I lucked out: my right window had the exact dimensions of the left, so I was able to add it to my cart twice.
Lutron was kind enough to pick up $800 of my order, so I was fully expecting to pay $255.50, but my final bill ended up like this.
After placing my order, I was told that there would be a wait of approximately 10-20 days for my custom shades to be created and shipped. Fair enough! And then they came in … and I got nervous! What if I had measured incorrectly? What if they didn’t fit my windows? What if … what if … Do you ever psych yourself out like that? 😛
I knew before getting started that I would be enlisting my husband, Kev, to help me do the physical install; he has the power tools. Included in each box were the shade, screws for installation, and instructions for install with instructions for connecting them wirelessly. The smaller box had the remote control that I thought I might need but wasn’t sure about.
After consulting the directions, Kev screwed the mounting bracket to the top of the first window frame.
The shade roller locks into the mounting bracket; the cover on the shade holds the batteries and it rotates up or down to give access to the battery compartment.
Kev couldn’t help himself; he wanted to see what the shades would look like so he pulled them down — only to discover that you can’t roll them back up. I figured I’d be able to wind them back up later via the remote or software (I was right), but it’s probably a better idea not to do this.
After Kev had installed the second shade, he pulled it down to match. Thanks? 😉
The shades were mounted (very easily, I might add), and now it was time for me to add the batteries. Each side took eight D-cells, but I think this varies depending upon the width of the shade. Once the batteries were slid into their holder, I swiveled the battery cover back up over them. I like that it is easy to open and close the battery compartment, but I still hope I won’t have to change them that often. We shall see!
Our patented power technology yields industry leading battery performance with store bought batteries. Battery life depends on the type of shade, the shade size, the fabric selected and the number of times shades are opened and closed each day. That means the shade has the potential to move thousands of times on a single set of batteries.

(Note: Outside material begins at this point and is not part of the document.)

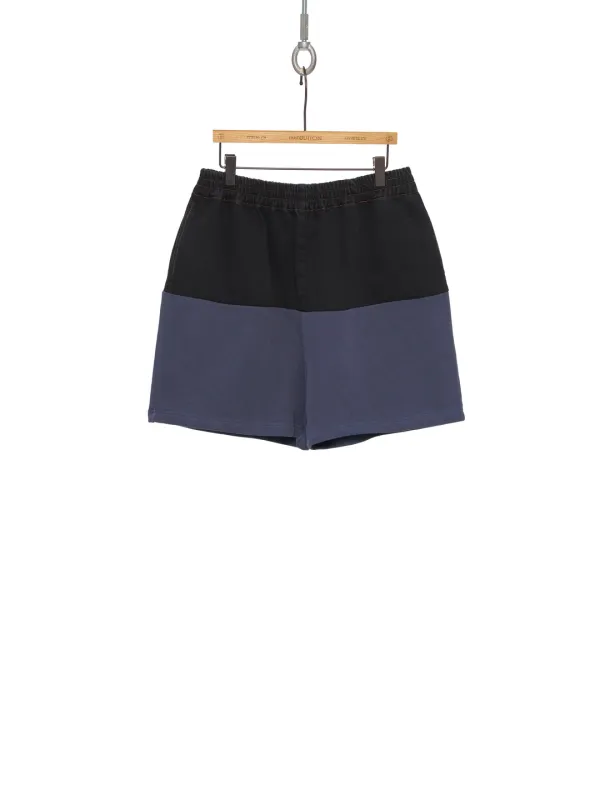 SS26 ZERO BLACK HYBRID DENIM JERSEY SHORTS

This is the Lutron bridge. If you haven’t installed one before, it’s very straightforward; you just plug the microUSB into the bridge and then plug the ethernet cable into the back of the bridge and a free port on your router. I have an eero in my office, so I used one of its empty slots.
Since I want to be able to use my phone, HomeKit, and Amazon Alexa to control my shades, I downloaded the Lutron Caseta app and started setting things up. I had to create an account with Lutron, and then install an update.
Now comes the fun part — adding a device. Select shade/drapery, and go from there.
You’ll add each shade individually. There’s a little clear button on the right of each shade that has to be pressed for pairing; that’s probably the most difficult part of this process. By the time you’ve done it twice, you’ll be an old pro.
Now I had both shades added, but remember they were hanging half open? I needed to get them set right and then set upper and lower limits.